Wie lassen sich am Arbeitsplatz mehr Momente von Verständnis, Respekt und Zusammenhalt zwischen den Generationen erzielen?

Dr. Rüdiger Maas: Es fängt schon damit an, einander wertfrei zuzuhören. Alt bei Jung und Jung bei Alt. Am Ende geht es nicht um besser oder schlechter, sondern um einen erweiterten Blick, und da müssen beide Parteien sich aufeinander einlassen.
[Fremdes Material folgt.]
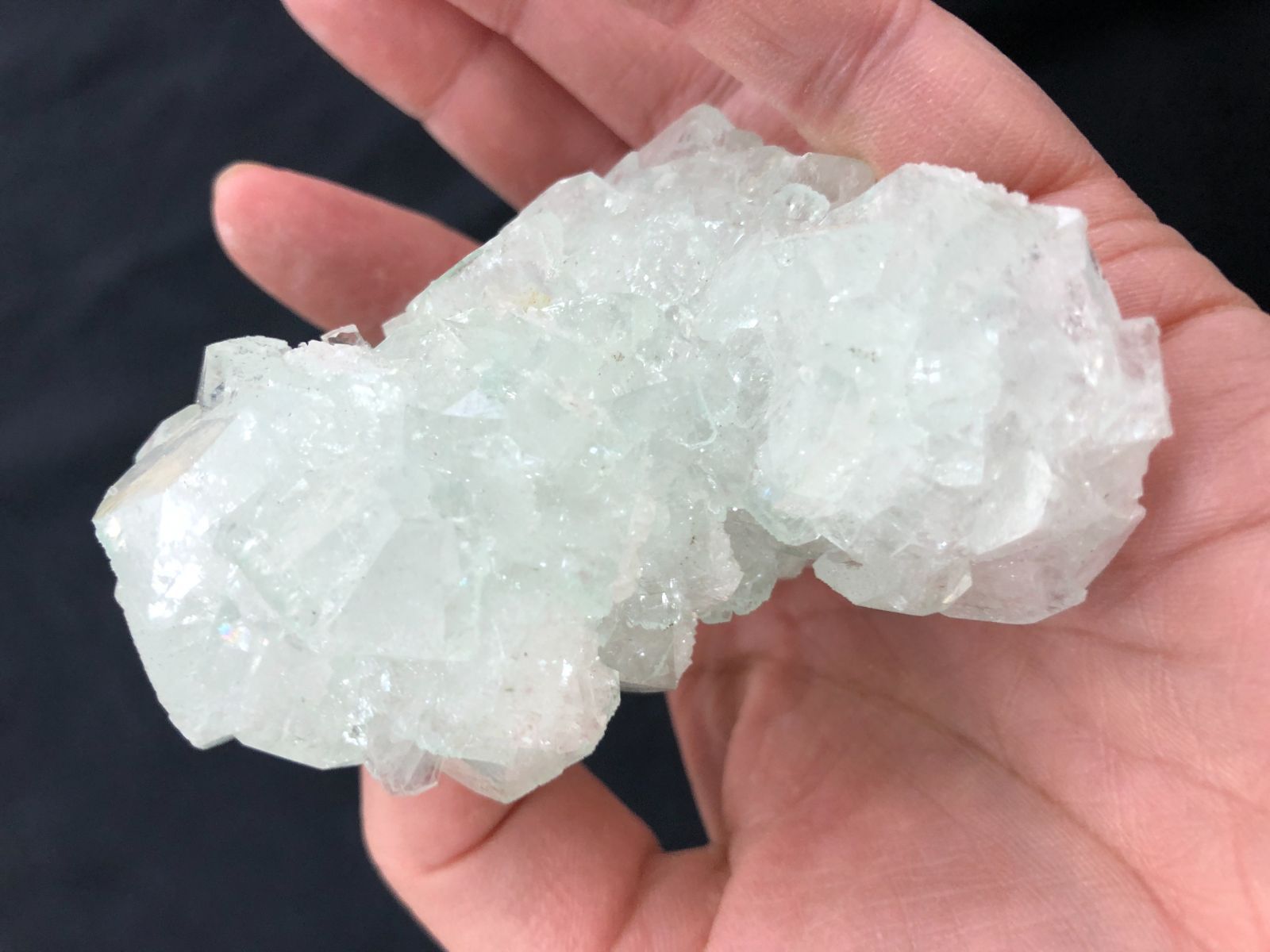 BOX グリーンカラー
Die Jungen sind ja nicht losgelöst von der Umgebung so geworden, sondern weil wir alle das am Ende auch so wollten. Die Jugend ist also mehr oder weniger ein Spiegel unserer Gesellschaft.

Wie können Unternehmen die Stärken und Besonderheiten der Generation Z so für sich nutzbar machen, dass sie zugleich auch deren Bedürfnisse berücksichtigen?

Dr. Rüdiger Maas: Ich würde die Leitungsspannen kleiner machen, damit man entsprechend auch genügend Zeit für Führung hat und Spannungen aus den Gruppen herausnehmen kann. Dann gilt es, Potenziale aufzubauen. Auf so viele Stärken würde ich zunächst erst einmal gar nicht setzen. Was im Übrigen auch nicht schlimm ist, wenn man ein Gegenüber hat, das wirklich Lust hat, etwas zu lernen, sich etwas anzueignen und besser zu werden. Dafür braucht es aber entsprechende Rahmenbedingungen und von vornherein einen größeren Fokus auf Qualität anstatt einer erzwungenen „Quantität“.